Under the above setting of attributes the rending of the data in the Data Table widget looks like the following:

../../_images/data-table-regression.png

Header with Attribute Type Information

Information on attribute type may already be provided in the header of the Comma Separated Values file. Let us open the (sample.xlsx) data set in Excel again. This time, however, we will augment the names of the attributes with prefix characters expressing attribute type (class or meta attribute) and/or its domain (continuous, discrete, string), and separate them from the attribute name with a hash sign (“#”). For the type, the abbreviations are:

  • c: class attribute
  • m: meta attribute
  • i: ignore the attribute

and abbreviations for the domain are:

  • C: Continuous
  • D: Discrete
  • S: String

This is how the header with augmented attribute names looks like in Excel (sample-head.xlsx):

../../_images/spreadsheet-simple-head.png

We can again use a File widget to read the data from the comma-separated file exported from Excel. We have to instruct Orange to interpret annotations in attribute names. We do so by choosing Import Options ... button in the File widget, and set the Header to Orange simplified header:

../../_images/file-widget-simplified-header.png

Notice that the attributes that we have ignored (label “i” in the attribute name) are not present in the data set.
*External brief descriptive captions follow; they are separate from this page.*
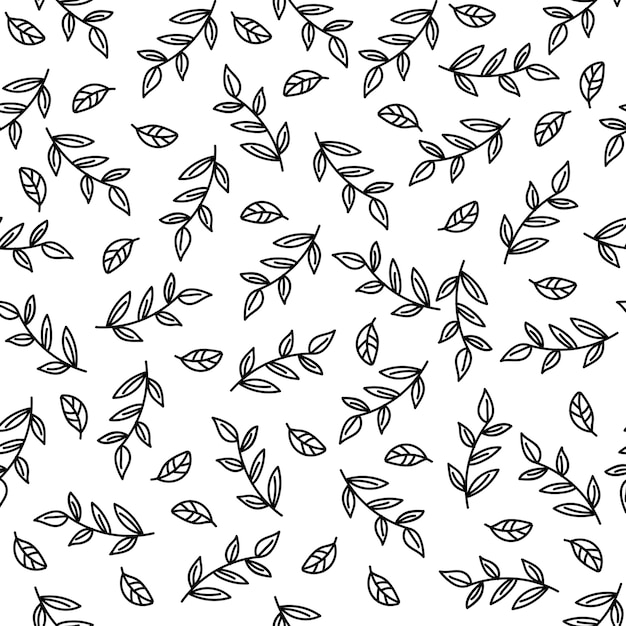 Doodle Sketch Hoja De Patrones Sin Fisuras Vector Premium 3613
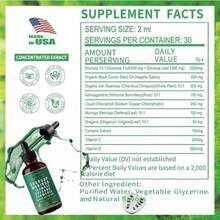 QIZFYYZ Gluten-Free Vegan Liquid Drops: Soursop, Moringa, Seamoss & Herbs (60mL) - 2瓶 - 查看 10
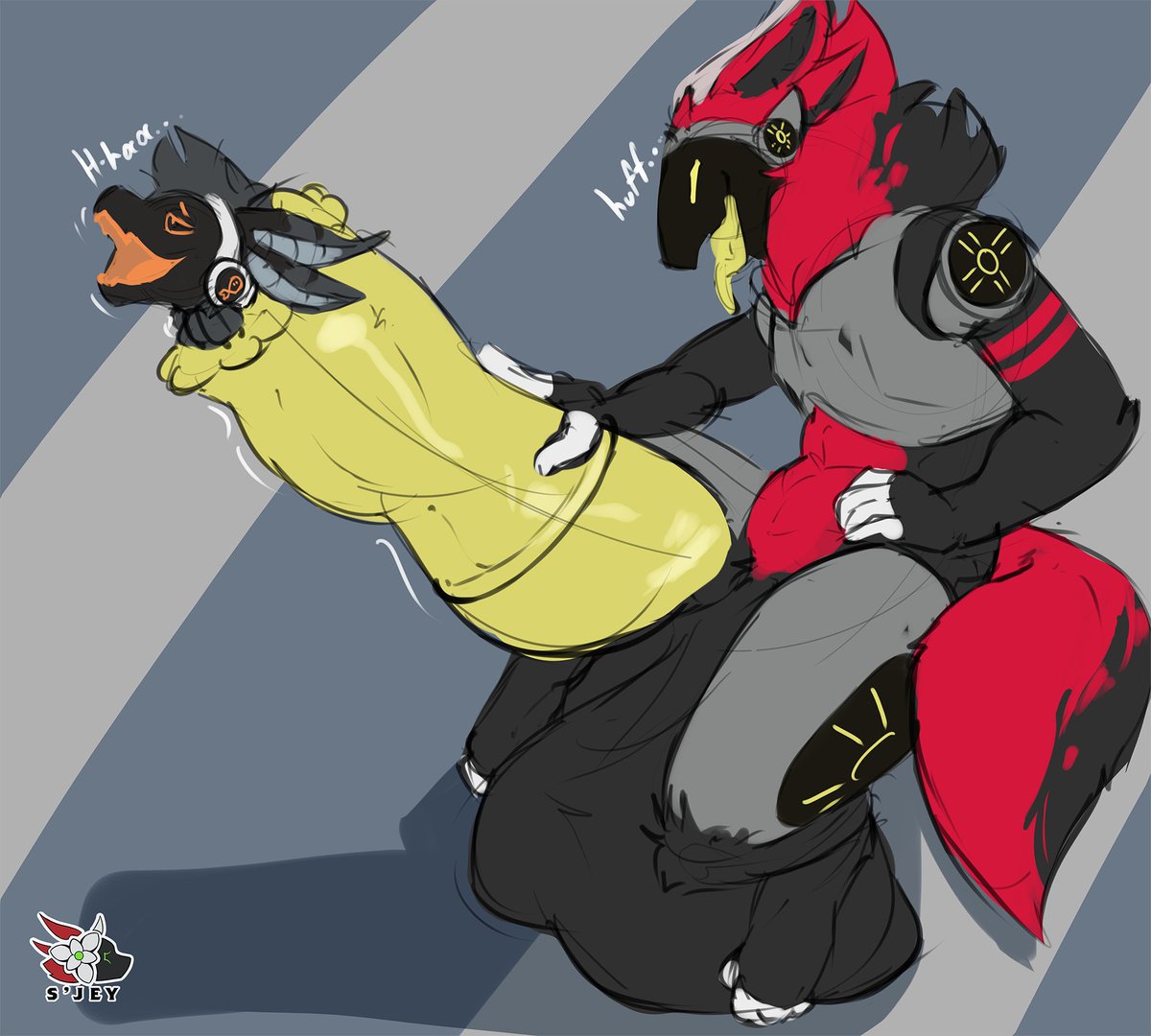 itstedda's tweet photo. CW cock vore and HUGE proto cock and like tons of cum and stuff yeah its pretty good...
.
.
.
.
.
.
.
.
happy (late) bday to @MistaFishay hope you like my gift <3 Making you into the bday cake frosting is such a delight!~ 

art by amazing @SJey_Afterdark https://t.co/a69SECA9Eo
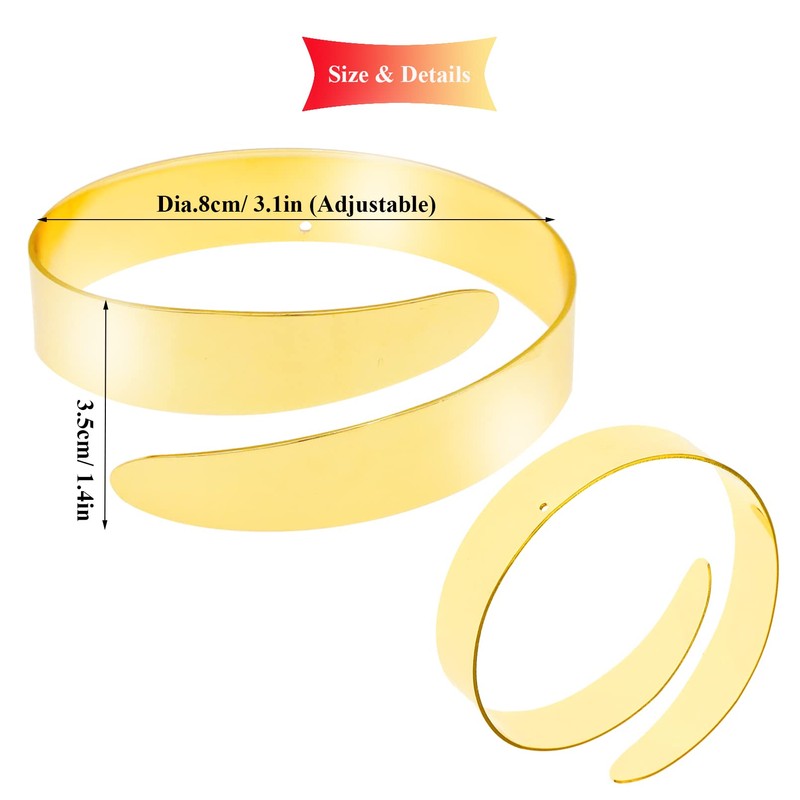 [Yzbeutf] Chic Egyptian Cleopatra Swirl Snake Arm Cuff Snake Upper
Native Data Format of Orange

Orange’s native data format is a tab-delimited text file with three header rows. The first row lists attribute names, the second row defines their domain (continuous, discrete and string, or abbreviated c, d and s), and the third row an optional type (class, meta, or ignore). Here is an example:

../../_images/excel-with-tab.png

The above screenshot is from Excel, but the file was actually saved using “Tab Delimited Text (.txt)” format. To open it in Orange, we have to rename the file such that it ends with ”.tab” extension (say from sample.txt to sample.tab). In Windows, one can bypass this step by placing the name of the file and the .tab extension in quotes when using Save As ... command (e.g., “sample.tab”).